Deepak Kumar Patro ' Dipu and Others Vs State of Orissa

Orissa High Court 5 Dec 2008 Criminal Appeal No. 62 of 2003 (2008) 12 OHC CK 0078
Bench: Division Bench
Result Published
Acts Referenced

Judgement Snapshot

Case Number

Criminal Appeal No. 62 of 2003

Hon'ble Bench

Sanju Panda, J; P.K. Tripathy, J

Final Decision

Allowed

Acts Referred
  • Evidence Act, 1872 - Section 27
  • Penal Code, 1860 (IPC) - Section 201, 302, 34

Judgement Text

Translate:

P.K. Tripathy, J.@mdashPatricide is the crime alleged against the accused Appellant-Deepak Kumar Patro '' Dipu and he was charged u/s 302 IPC. Accused-Deepak together with other two accused persons were charged u/s 201/34 IPC for removing the dead body of late Suba Patro, the deceased by throwing it in the public road after removing the same from the place of occurrence. Admittedly, there was no eye-witness to the occurrence and prosecution case rested on circumstantial evidence, viz., homicidal death of the deceased, discovery of the incriminating articles u/s 27 of the Evidence Act and presence of blood of the same group on the wearing apparels of the accused-Deepak and the deceased so also on the mattresses like Kantha, Kambal (Blanket) and Chadar (Bed Sheet) and presence of blood stain on the walls and the windows of the occurrence room. Learned Sessions Judge, Ganjam-Gajapati, Berhampur in Sessions Case No. 268 of 2001 arising out of G.R. Case No. 66 of 2001 of the court of S.D.J.M., Berhampur held that evidence led by the prosecution proves the aforesaid circumstances so as to prove the charge u/s 302 and 201/34 IPC against accused-Deepak and all the accused persons respectively. Accordingly, he awarded the sentence of rigorous imprisonment for life for the offence u/s 302 IPC and rigorous imprisonment for three years u/s 201/34 IPC.

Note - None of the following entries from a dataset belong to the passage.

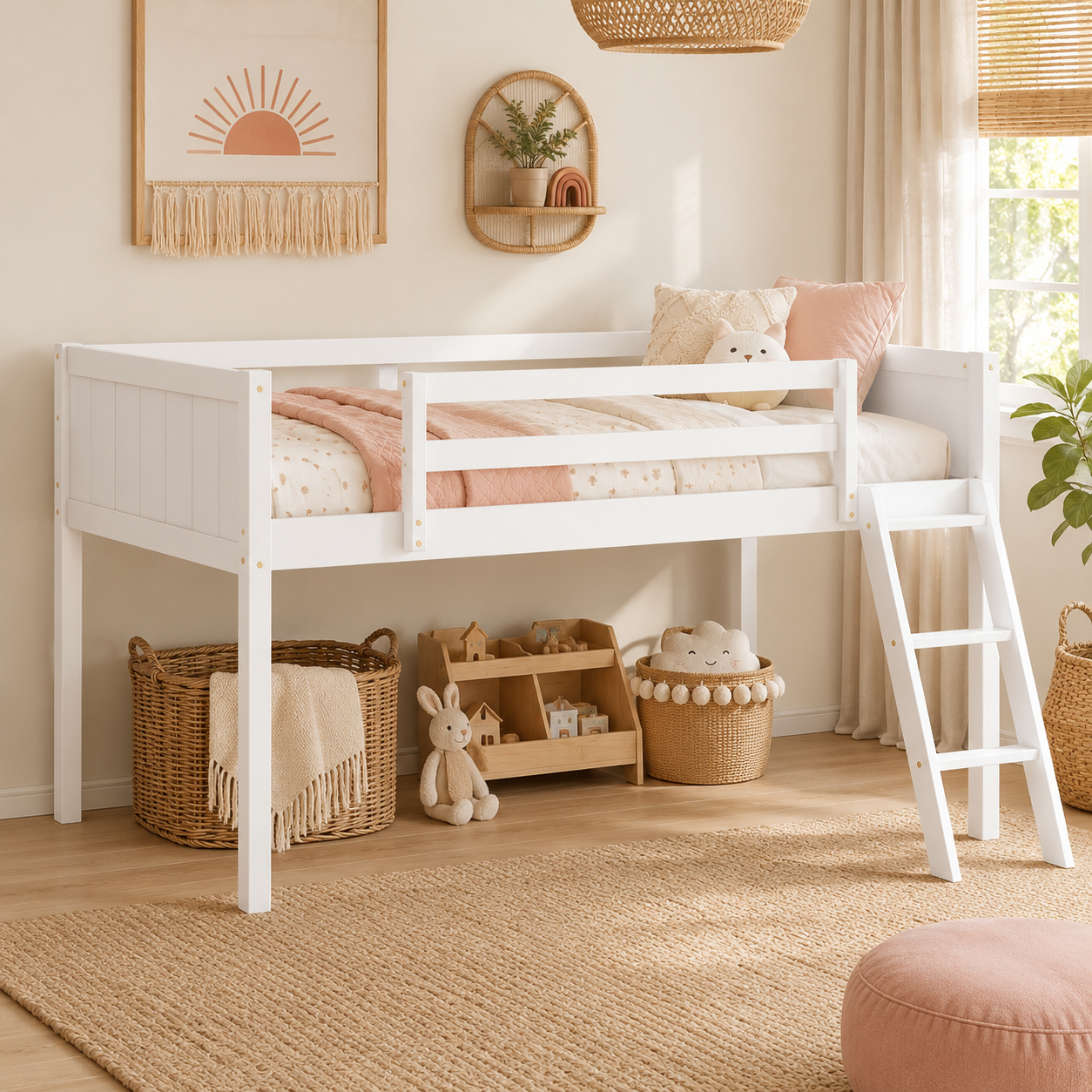 Norela white twin size low loft bed with underbed baskets in a cozy kids room
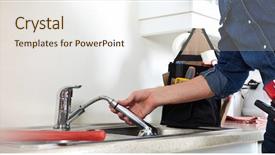  Presentation with water tap - Theme featuring plumber hands and water tap background and a sky blue colored foreground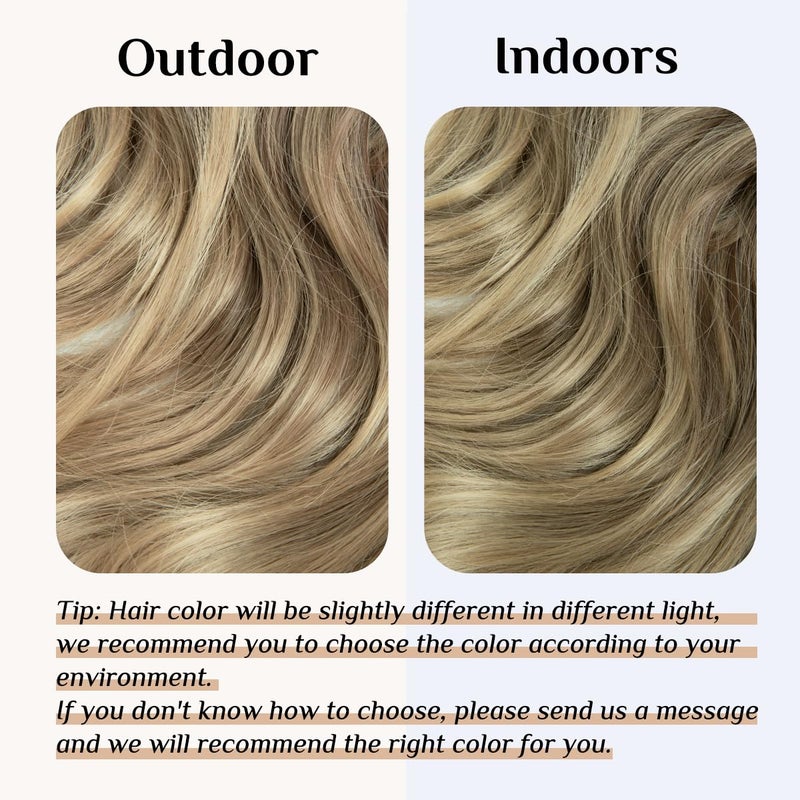 SARLA Ombre Invisible Wire Hair Extensions with 3 Clips Long Synthetic Wavy Curly Hairpiece Adjustable Transparent Headband for Women 18 Inch Brown to Ash Blonde - Image 2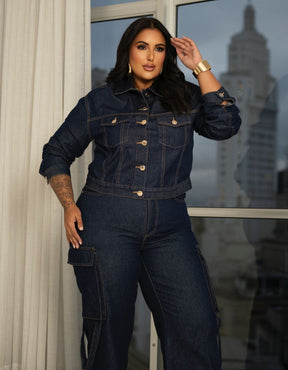 Calça Cargo Jeans Dark Blue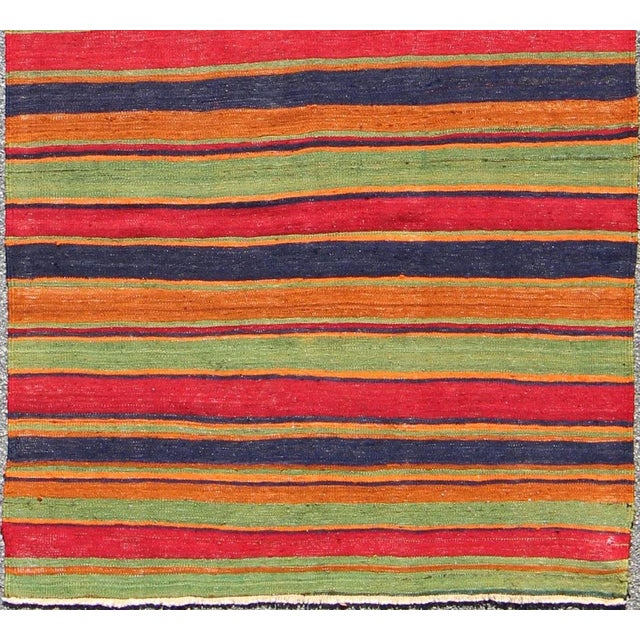 Turkish Vintage Kilim Runner With Horizontal Stripes in Bright Colors, Orange, Green, Blue, Red, Gold For Sale - Image 3 of 8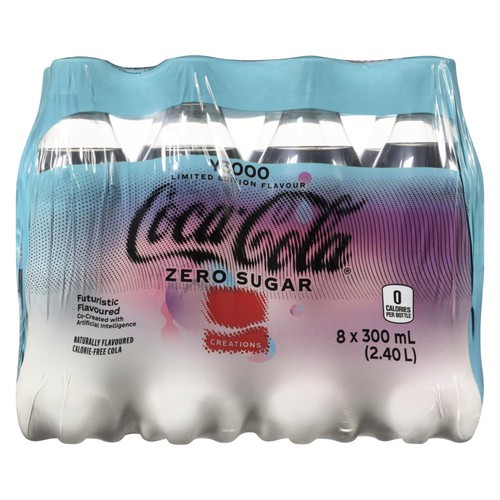 Coca-Cola Zero Sugar Soft Drink 8 x 300 ml (bottles)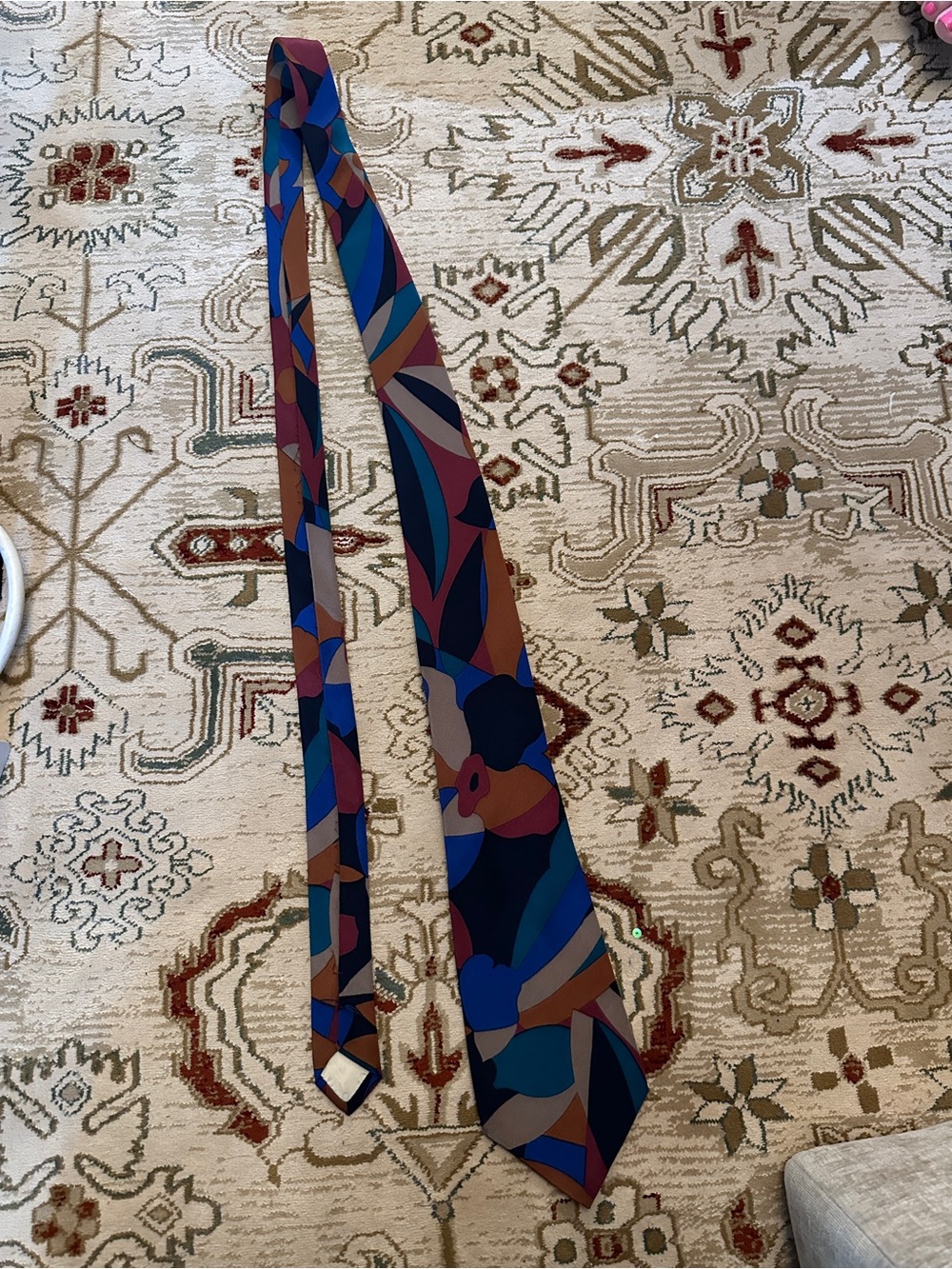 Missoni Abstract Multicolor Silk Tie in Blue, Brown, Burgundy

2. The case of the prosecution is that the deceased was a drunkard and rowdy man. In the night of 24.1.2001 in drunken condition he drove his wife, daughter and the accused out from the house, The accused escorted his mother and the sister and left them in the house of his maternal uncle, i.e., Brajabandhu Patra, P.W. 1. He returned to the house and pretended that because of paucity of space to sleep in the house of P.W. 1 he was to spend the night with the deceased. In the night when the deceased in intoxicated conditions was in slumber, accused suffering from disturbed mind and agitation because of the behaviour of the deceased took the opportunity and utilized the sword, i.e., M.O.I. of the deceased and went on inflicting injuries notwithstanding the effort of the deceased to escape from one room to other inside the house. After completing the act of murder, accused threw the blood stained sword into the well inside the house premises and rushed to P.W.1 and revealed the truth. He however, did not heed to the advice of P.W.1 to surrender before the police and confess. On the other hand, he returned to the house with the employees (in the tea stall) of P.W.1. They are the co-accused persons. With their help, he threw dead body near Kandra Sahi Chhak (Berhmapur town) on the following day morning, i.e. 25.1.2001. After noticing dead body of the deceased which was lying at the aforesaid spot, elder brother of the deceased, namely, Deebakar Patra lodged information report before the police. A routine investigation was undertaken. In course of that investigation, it could be known that accused-Deepak committed the murder and the remaining two co- accused persons assisted him to dispose of the dead body so as to screen the offender. In course of investigation, all possible incriminatory articles were seized, recovered or discovered and on the basis of a prima facie case charge sheet was submitted.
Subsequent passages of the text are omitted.